§ **Exercise**
Your result should be the lines holding the word "earrings", copied from the entries below.

++++++++++++++++++++

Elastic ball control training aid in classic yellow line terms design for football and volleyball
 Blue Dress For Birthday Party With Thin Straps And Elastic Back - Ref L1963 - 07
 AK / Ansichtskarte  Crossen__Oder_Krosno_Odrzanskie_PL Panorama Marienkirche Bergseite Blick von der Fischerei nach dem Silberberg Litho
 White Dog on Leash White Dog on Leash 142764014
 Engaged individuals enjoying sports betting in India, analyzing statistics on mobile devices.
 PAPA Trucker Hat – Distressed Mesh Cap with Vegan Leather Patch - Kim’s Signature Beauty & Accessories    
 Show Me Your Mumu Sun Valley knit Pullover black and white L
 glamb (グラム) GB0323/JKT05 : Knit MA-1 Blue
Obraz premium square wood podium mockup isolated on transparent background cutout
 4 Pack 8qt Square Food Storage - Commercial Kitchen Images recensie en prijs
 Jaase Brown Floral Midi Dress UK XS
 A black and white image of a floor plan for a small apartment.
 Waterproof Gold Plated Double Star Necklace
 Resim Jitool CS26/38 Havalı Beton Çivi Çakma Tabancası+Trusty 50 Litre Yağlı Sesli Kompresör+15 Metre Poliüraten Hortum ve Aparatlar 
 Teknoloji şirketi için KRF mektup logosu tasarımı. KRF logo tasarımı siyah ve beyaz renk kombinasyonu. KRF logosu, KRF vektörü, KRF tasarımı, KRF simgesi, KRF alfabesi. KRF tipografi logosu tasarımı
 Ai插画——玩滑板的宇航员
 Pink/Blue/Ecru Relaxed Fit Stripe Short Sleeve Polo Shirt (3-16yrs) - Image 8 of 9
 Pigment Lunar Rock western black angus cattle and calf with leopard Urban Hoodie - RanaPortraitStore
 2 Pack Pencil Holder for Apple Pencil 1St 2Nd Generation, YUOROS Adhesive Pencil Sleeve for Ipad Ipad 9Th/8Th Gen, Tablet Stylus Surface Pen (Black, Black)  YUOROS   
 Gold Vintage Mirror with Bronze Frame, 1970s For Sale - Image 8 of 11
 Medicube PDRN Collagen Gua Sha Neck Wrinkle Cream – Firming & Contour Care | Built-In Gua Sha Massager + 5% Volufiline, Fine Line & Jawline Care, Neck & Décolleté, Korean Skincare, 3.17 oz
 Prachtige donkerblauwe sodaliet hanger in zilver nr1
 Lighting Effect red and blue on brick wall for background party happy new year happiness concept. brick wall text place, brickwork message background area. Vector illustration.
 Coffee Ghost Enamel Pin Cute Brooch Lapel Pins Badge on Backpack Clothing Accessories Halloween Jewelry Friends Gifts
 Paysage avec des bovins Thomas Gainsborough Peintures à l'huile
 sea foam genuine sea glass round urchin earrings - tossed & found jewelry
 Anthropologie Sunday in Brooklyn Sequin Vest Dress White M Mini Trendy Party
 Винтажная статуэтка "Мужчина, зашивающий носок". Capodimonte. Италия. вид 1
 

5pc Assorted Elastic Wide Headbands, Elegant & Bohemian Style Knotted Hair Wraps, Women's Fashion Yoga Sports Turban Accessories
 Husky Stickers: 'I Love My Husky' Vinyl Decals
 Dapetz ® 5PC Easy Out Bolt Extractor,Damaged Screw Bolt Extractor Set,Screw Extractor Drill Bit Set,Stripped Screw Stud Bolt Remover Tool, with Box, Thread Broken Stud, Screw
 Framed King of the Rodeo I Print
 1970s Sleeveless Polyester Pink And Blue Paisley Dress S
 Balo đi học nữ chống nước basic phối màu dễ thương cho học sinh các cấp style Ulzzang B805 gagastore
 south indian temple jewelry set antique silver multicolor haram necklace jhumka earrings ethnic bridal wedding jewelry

++++++++++++++++++++

§ **Response**
 sea foam genuine sea glass round urchin earrings - tossed & found jewelry
 south indian temple jewelry set antique silver multicolor haram necklace jhumka earrings ethnic bridal wedding jewelry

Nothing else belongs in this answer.